*Work request*: Return nothing but the lines from the line containing "Filesize : 115KB" through the last line of the records, reproduced exactly.

─── Records to use ───

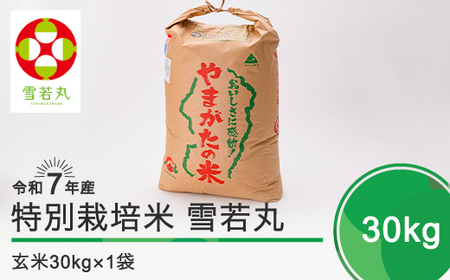 新米 米 雪若丸 30kg 令和7年産 [2025年11月上旬発送]大石田町産 特別栽培米 玄米 備蓄 防災 支援 農家 キャンプ 長期保存 先行予約 ※沖縄・離島への配送不可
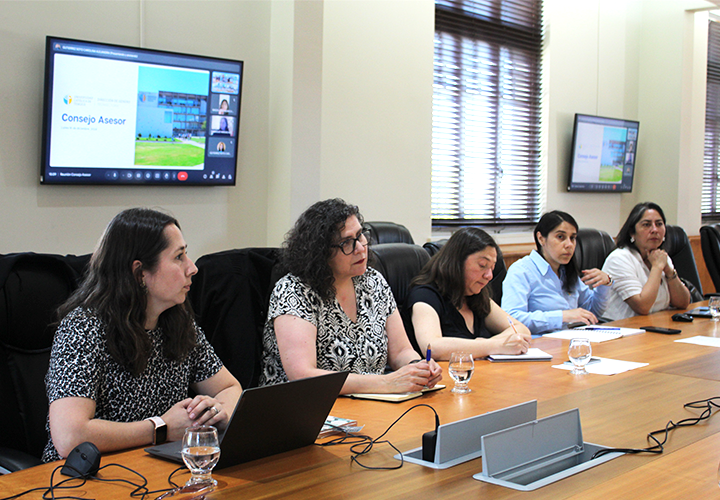 Se realizó la segunda reunión anual del Consejo Asesor de la Dirección de Género UCT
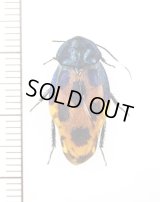 ルリゴキブリの一種　Eucorydia species　ベトナム中部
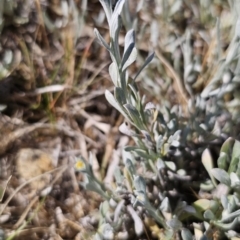 Chrysocephalum apiculatum (Common Everlasting) at Bungendore, NSW - 10 Oct 2023 by Csteele4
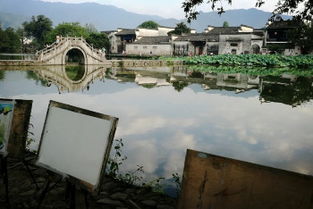 青山绿水本无价,白墙黑瓦别有情 西递宏村屯溪老街二日游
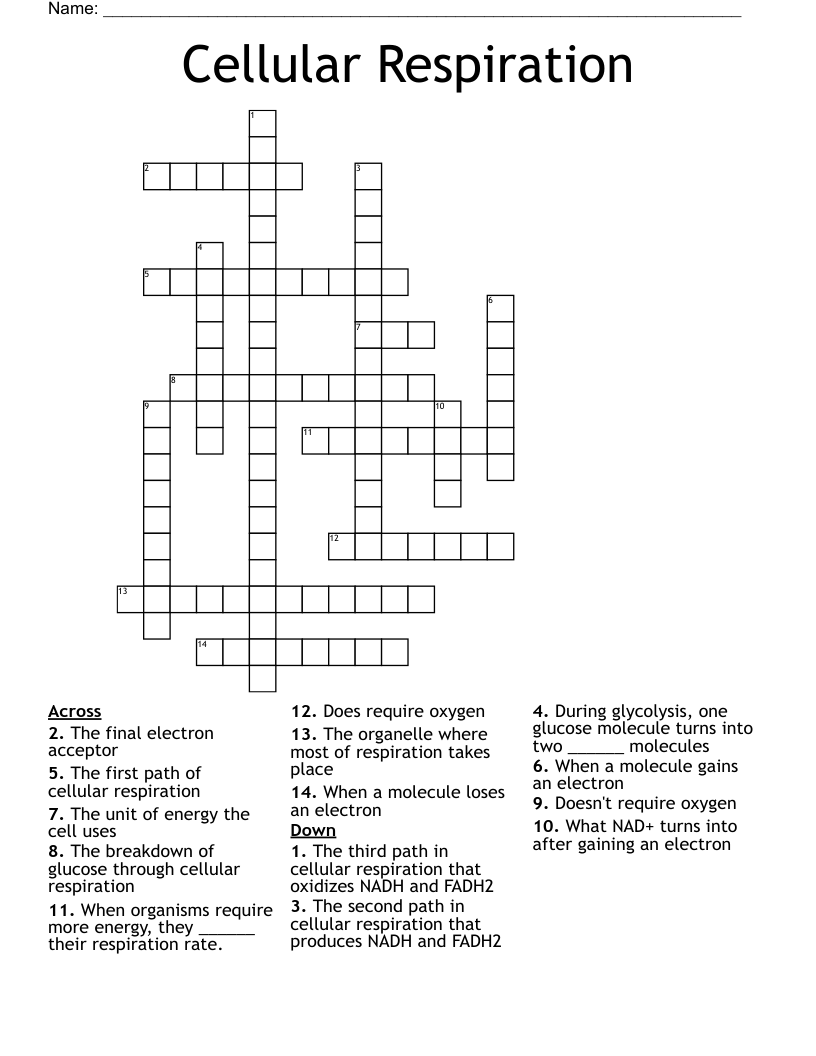 Cellular Respiration Crossword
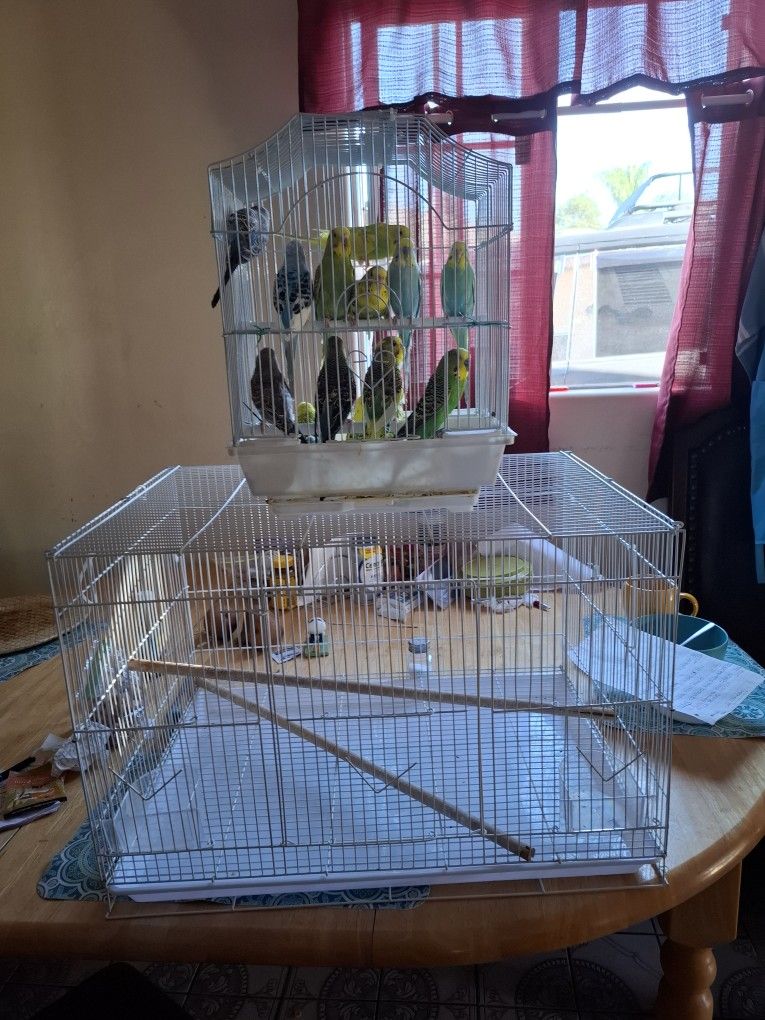 BEAUTIFUL CAGES FOR COCKTAILS AND PERIQUITS USED LIKE NEW 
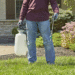 How to Achieve a Lush, Weed-Free Lawn Without Breaking a Sweat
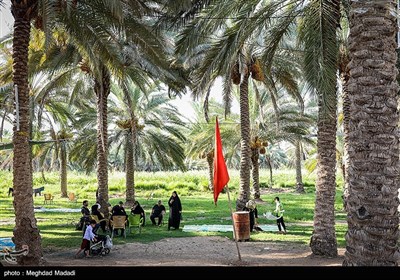 راهپیمایی نجف تا کربلا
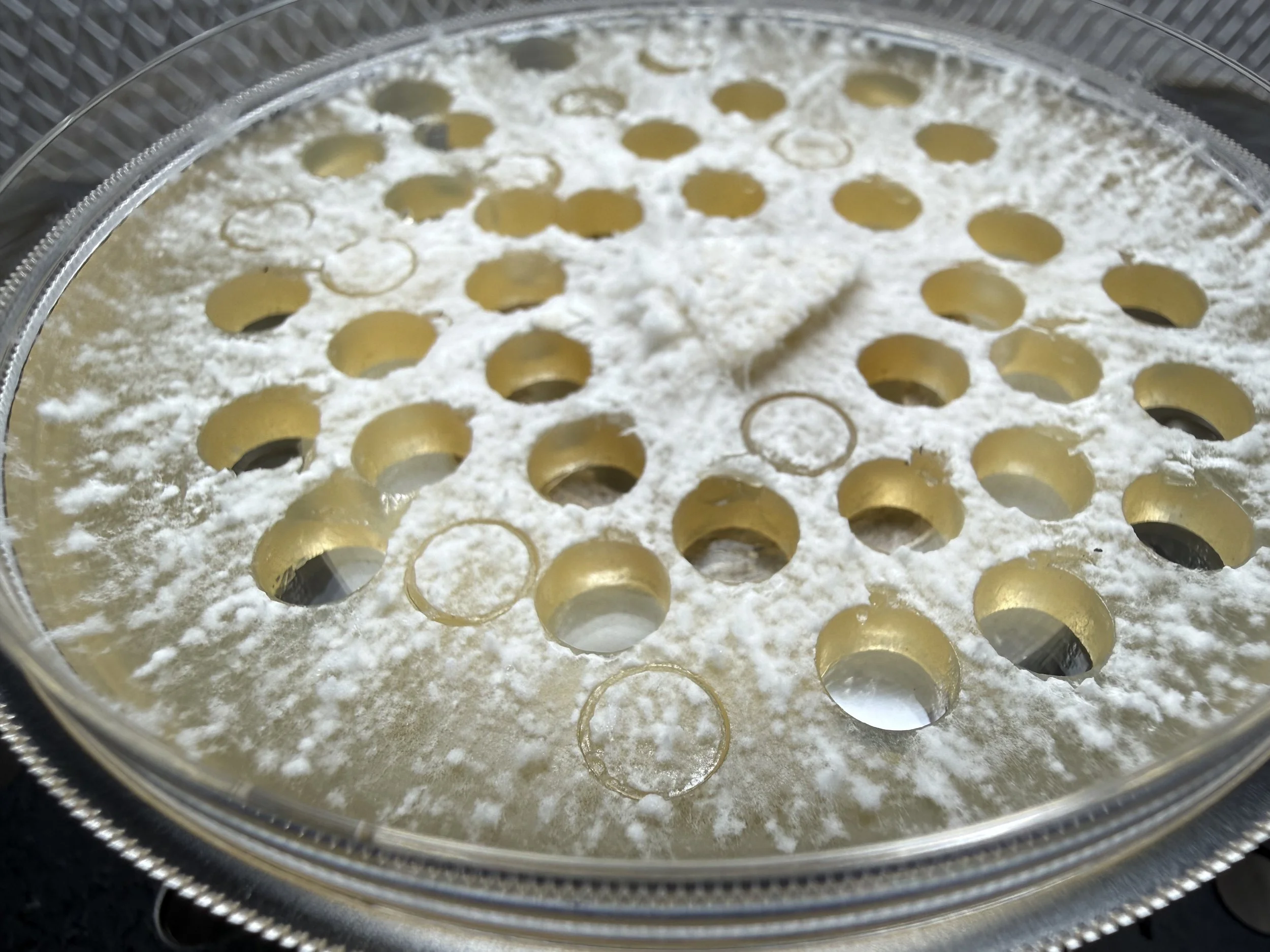 A close-up of a Malt Yeast Agar dish overgrown with Mushroom Mycelium with numerous round holes on its surface from an Agar Punch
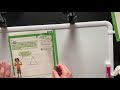 Triangle Classification and Properties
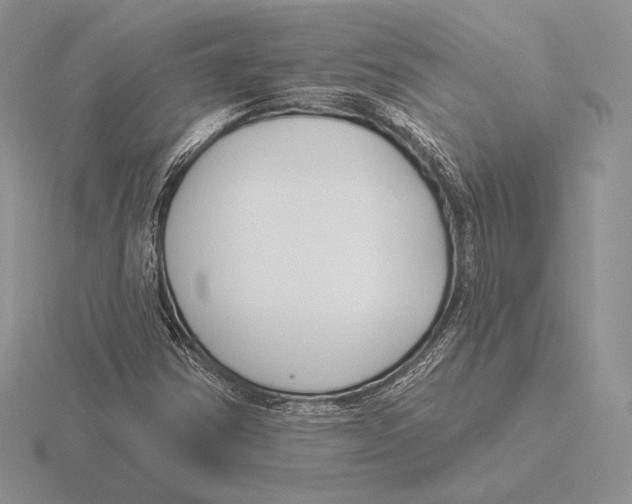 X0000115791354200912111139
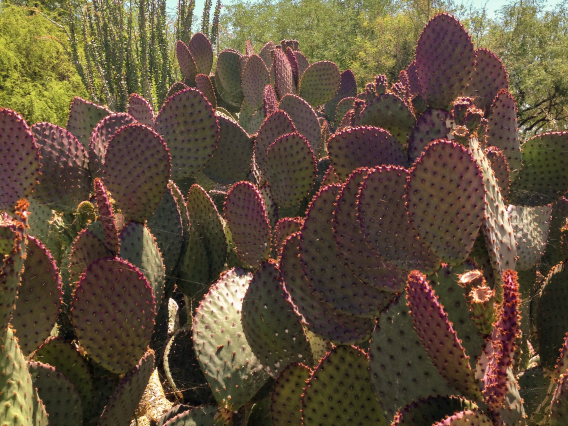 Purple Prickly Pear cactus - May 2022 AzCRH Newsletter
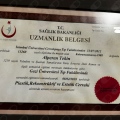 Resmi büyüt: certificate 2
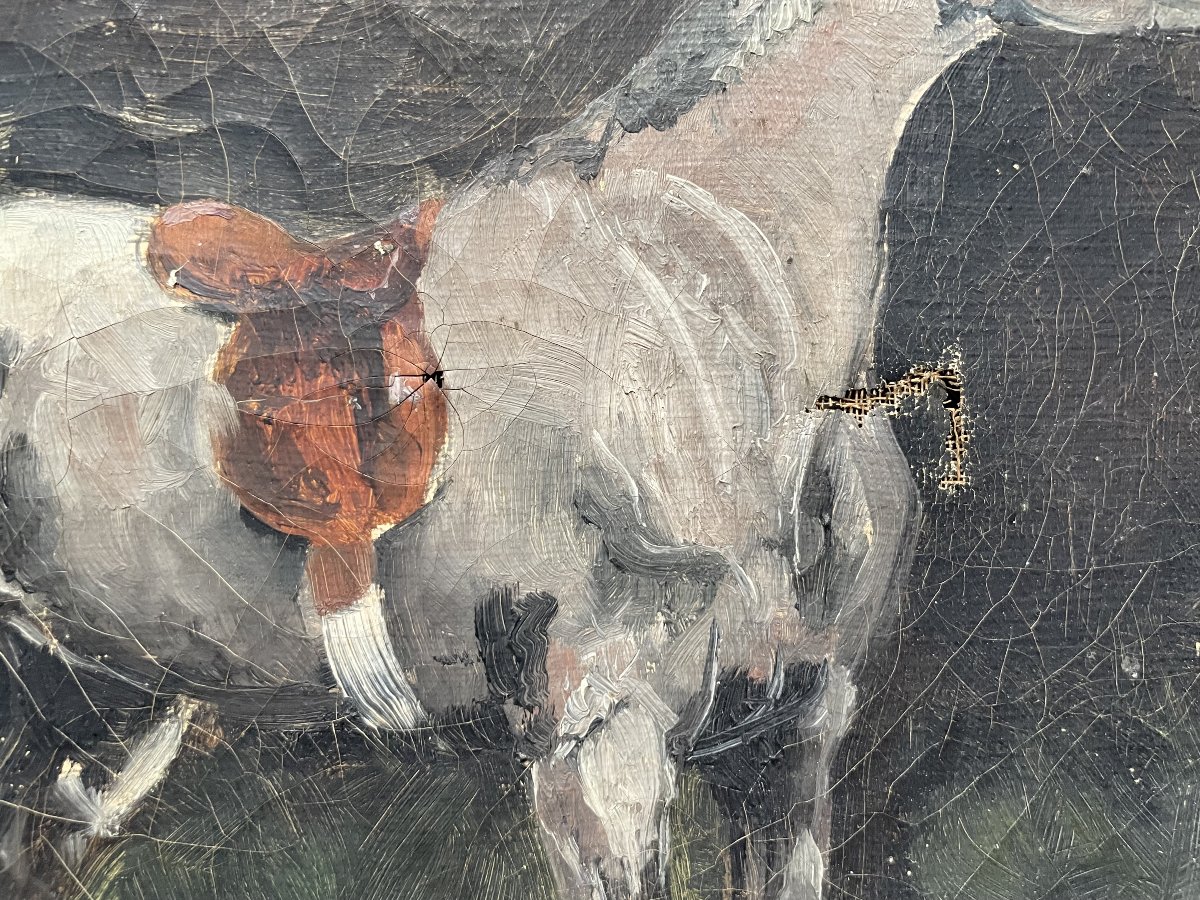 Horse, Oil On Canvas-photo-3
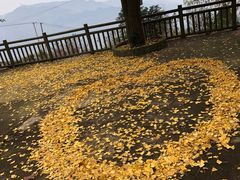 -金堂县云顶石城风景区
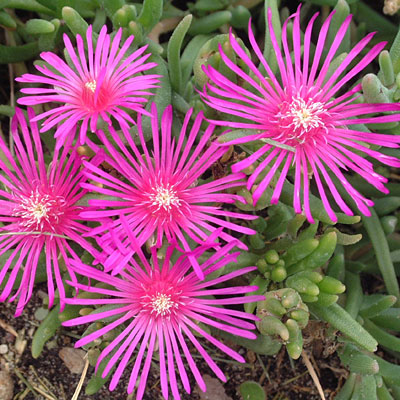 Delosperma cooperi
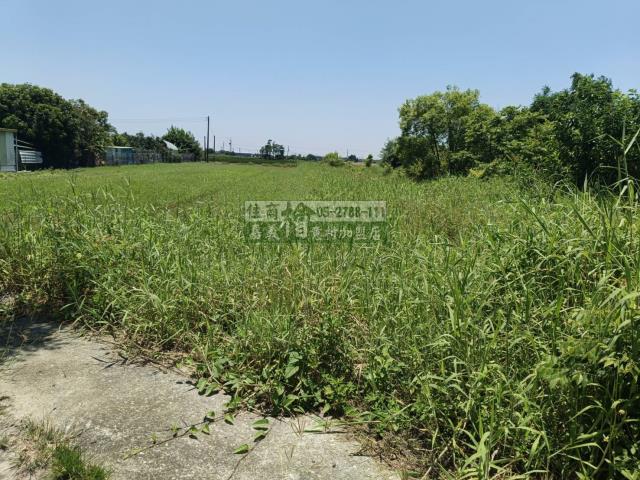 嘉義建地-6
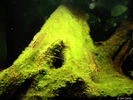 Filename : greenbeard2.jpg
Filesize : 115KB
Dimensions : 400x300
Date added : Mar 22, 2008 greenbeard2.jpg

───

*Answer for this exercise*:
Filesize : 115KB
Dimensions : 400x300
Date added : Mar 22, 2008 greenbeard2.jpg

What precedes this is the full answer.